# Panel Resonator vs broadband



## scot (Dec 26, 2006)

I need to reduce some nulls and peaks in my basement home theater. The room is an l-shaped room with an open stair to the rest of the house (cannot be closed off). I have my sub and speakers optimized after 8-10 hours of trial and error. Seriously, 8-10 hours, moved a few inches, measured, over and over. This is the best location without any absorbing/trapping material.

It certainly isn't optimal in terms of looks, but it is optimized so I can see the screen and not have speakers in the way. I can also still get to the kegerator, which is key.

17' on the theater screen wall, 24' on the inside wall (right from seating), outside sections are 12' each with the l portion being 6' deep (leaving the back wall, from seating position 11' wide). 

The main areas I am concerned about are a dip about 35 hz and 61.3 and the corresponding peaks around those dips. Smacks of room modes, but with the shape.. There is no way to get around all of the nodes in terms of placement, though they are minimized. 

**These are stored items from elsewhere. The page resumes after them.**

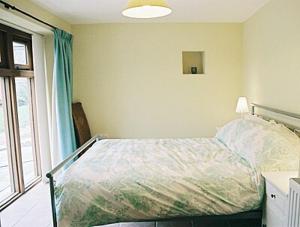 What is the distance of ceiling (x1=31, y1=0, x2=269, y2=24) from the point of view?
10.4 ft

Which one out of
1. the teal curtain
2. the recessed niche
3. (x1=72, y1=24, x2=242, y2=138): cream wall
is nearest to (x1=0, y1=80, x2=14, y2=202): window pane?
the teal curtain

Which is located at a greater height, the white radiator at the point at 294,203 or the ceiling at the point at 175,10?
the ceiling at the point at 175,10

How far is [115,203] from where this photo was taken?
2.03 meters

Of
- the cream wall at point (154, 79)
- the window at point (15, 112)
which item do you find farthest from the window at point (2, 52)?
the cream wall at point (154, 79)

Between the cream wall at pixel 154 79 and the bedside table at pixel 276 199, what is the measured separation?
2.43 metres

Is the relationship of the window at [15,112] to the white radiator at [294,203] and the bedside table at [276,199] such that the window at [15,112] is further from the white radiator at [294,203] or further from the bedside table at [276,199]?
the white radiator at [294,203]

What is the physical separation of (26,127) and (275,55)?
3.41 meters

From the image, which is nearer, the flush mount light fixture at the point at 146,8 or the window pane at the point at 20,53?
the flush mount light fixture at the point at 146,8

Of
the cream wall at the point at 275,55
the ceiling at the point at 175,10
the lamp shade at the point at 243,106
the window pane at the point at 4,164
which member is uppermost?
the ceiling at the point at 175,10

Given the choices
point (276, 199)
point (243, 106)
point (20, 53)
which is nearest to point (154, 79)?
point (243, 106)

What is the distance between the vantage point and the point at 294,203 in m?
1.51

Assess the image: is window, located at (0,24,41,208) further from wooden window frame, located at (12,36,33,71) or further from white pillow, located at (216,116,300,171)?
white pillow, located at (216,116,300,171)

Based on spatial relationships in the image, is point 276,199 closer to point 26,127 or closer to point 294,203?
point 294,203

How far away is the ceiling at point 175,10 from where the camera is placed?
3.18 meters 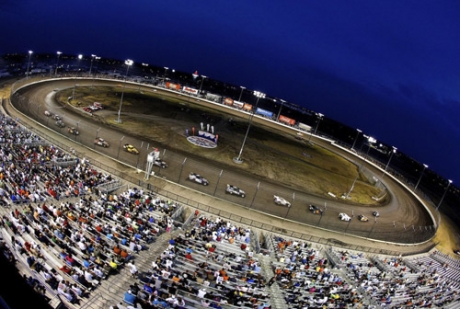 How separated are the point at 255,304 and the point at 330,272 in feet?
45.3

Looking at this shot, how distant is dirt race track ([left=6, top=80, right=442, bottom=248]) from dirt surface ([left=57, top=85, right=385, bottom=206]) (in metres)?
0.27

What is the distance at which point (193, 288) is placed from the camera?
85.6ft

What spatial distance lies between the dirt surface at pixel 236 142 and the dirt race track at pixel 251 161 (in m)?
0.27

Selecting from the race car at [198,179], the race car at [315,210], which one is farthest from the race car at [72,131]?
the race car at [315,210]

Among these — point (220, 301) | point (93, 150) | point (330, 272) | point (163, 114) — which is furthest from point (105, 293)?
point (163, 114)

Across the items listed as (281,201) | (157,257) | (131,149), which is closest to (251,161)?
(281,201)

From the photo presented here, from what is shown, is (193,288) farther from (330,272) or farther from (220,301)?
(330,272)

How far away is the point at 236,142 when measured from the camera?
266ft

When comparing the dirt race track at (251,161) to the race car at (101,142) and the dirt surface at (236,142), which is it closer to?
the dirt surface at (236,142)

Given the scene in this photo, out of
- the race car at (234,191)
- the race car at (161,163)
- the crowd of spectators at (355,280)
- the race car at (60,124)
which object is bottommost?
the race car at (60,124)

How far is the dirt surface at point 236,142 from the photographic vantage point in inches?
2707

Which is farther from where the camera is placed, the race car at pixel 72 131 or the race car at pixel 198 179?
the race car at pixel 72 131

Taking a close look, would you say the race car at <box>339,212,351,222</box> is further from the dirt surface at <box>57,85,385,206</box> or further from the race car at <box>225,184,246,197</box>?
the race car at <box>225,184,246,197</box>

So far I have some old DIY tube traps (fiberglass I compressed and put around a round frame) and some other absorbent material in the corner and on the wall where I measured peaks. With 4 20" tubes it made about 3-5db difference depending on what frequency I was measuring. Nowhere near enough, I need much more absorption and around specific frequencies. 

So the question is what next? I can sacrifice about 2' of the room where the sound peaks at the exact nulls. Membrane/panel resonators? Just go for very deep broadband absorbers?


----------



## fredk (May 14, 2008)

Broadband absorbers are most effective above 100 Hz. Although they absorb below this frequency, their efficiency drops off quickly.

I have spent a lot of time searching and there does not seem to be a lot of practical information on panel resonators. It seems not a lot of people use them. I gather that they are not as efficient as other absorbers, but there is not complete agreement on this. Unfortunately, I have not been able to find anything that quantifies relative efficiency. The nagging question in my mind is how many of these might be needed to be effective for a given frequency band.

If you go to johnlsayers.com and search on their studio design forum, you will find some good threads on panel resonators.


----------



## bpape (Sep 14, 2006)

Above about 35Hz, your decay times look pretty good. You could certainly build some resonant panel type absorbers tuned around the 120hz issue if you know where in the room is causing the problem.

Bryan


----------